Scripture scholar Raymond Brown says: “The warning that the servant who is not waiting when the master comes will be put out with the hypocrites shows that unfaithful Christians (and perhaps specifically church leaders) will be judged no less harshly than the Scribes and Pharisees. Watchfulness continues in the uniquely Matthean parable of the ten bridesmaids… The message … is not one of meriting reward, but of dedicated and fruitful response by the Christian to God’s gift in and through Jesus.”  They might  fall asleep before the bridegroom arrives, but those with the extra supply of oil are prepared when he comes and wakes them up!  This is symbolic of the good works that the responsible and reliable Christian knows to live by, and not put them off.

There is nothing about predestination or pre-judgement here; it is a matter of personal choice and responsibility, in deciding to live the call to be Christian, and not procrastinating while having a good time, with no reflection on implications of thoughtless and irresponsible behaviour, or the needs of others.

Even though it comes originally from Ecclesiasticus and Isaiah (and Greek philosopher, Epicurus, but not Shakespeare!),  “Eat, drink and be merry, for tomorrow we die” is not quite the right motto for Christian life.

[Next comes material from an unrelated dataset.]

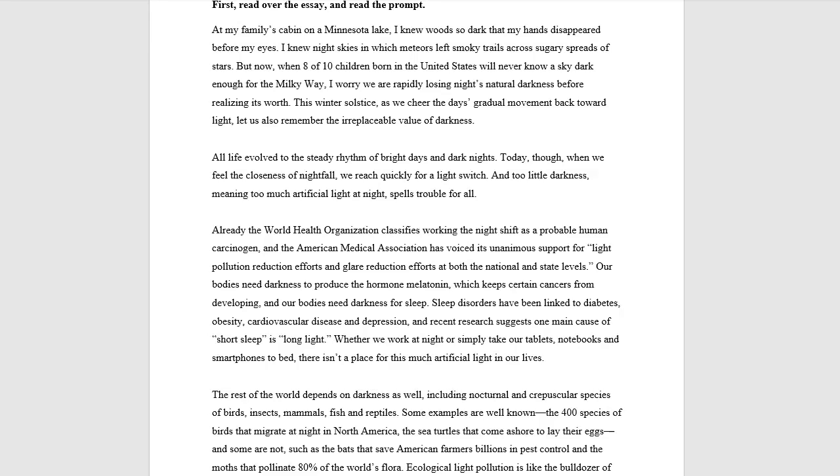This is Arvind Vora, founder of Vora Method and author of How to Get into an Ivy League College. In this video, I'm going to explain our requirements in order to do SAT essay training at Vora Method.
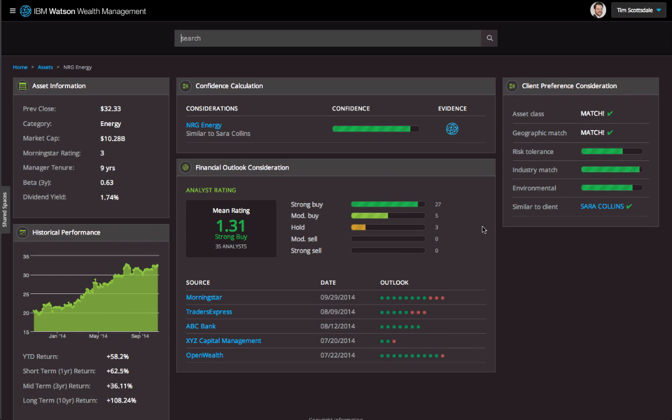Clicking on the evidence button reveals the sources behind Watson's recommendation. I'm given a company profile, how well its past performance meets the client's objectives and preferences, and analyst outlook based on plain text of reports. Analysts seem quite bullish on this stock, so I want to go deeper by asking a question the same way I'd ask another person.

Rather, to make the most of today, and enjoy the good times and the high points of life, as well as facing up to the lower or darker moments of sadness, suffering and loss,  is a far more realistic and balanced approach to living as a Christian.  Jesus warns us about the crosses of life, yet certainly doesn’t tell us to go looking for them!

As Brendan Byrne SJ concludes from today’s Gospel: “The parable – and the Gospel as a whole – remind us that the words of dismissal at the Eucharist, (for which we gather now), ‘Go in peace to love and serve the Lord’, are no perfunctory conclusion to the rite, but a programme for living the twin commandment of love of God and love of neighbour (Mt 22.37-40).”

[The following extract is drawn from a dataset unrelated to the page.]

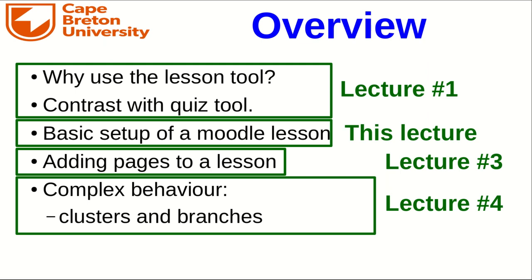Hello everyone, this is Geoff, and this is lecture two in a series of video lectures about using the lesson tool in Moodle.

So here we are, approaching the end of the Church’s year, with some sombre reminders from Jesus that we need to be alert and to act now, producing the fruits of the Spirit as people of faith and hope, not forgetting the love either!

john hannon                                                                                    12th  November  2023



And as good old Claude Mostowik MSC puts it: “The Gospel does not intend to induce fear in us. It is not about insiders and outsiders or fencing people out. It is encouraging us to respond to the invitations of Jesus every day. Shutting the door on people because they were not prepared does not fit the image of  Jesus in the Gospels. It was more usual for him to go out of his way to include those where were not prepared and seen as ‘foolish’ by showing them that they were loved: the sinners, tax collectors and prostitutes… If we are to stay awake or remain vigilant, or keep our lamps lit, it happens by loving and serving others and being open to receive others.”  He provides a counterbalance to misinterpreting the parable in a negative way.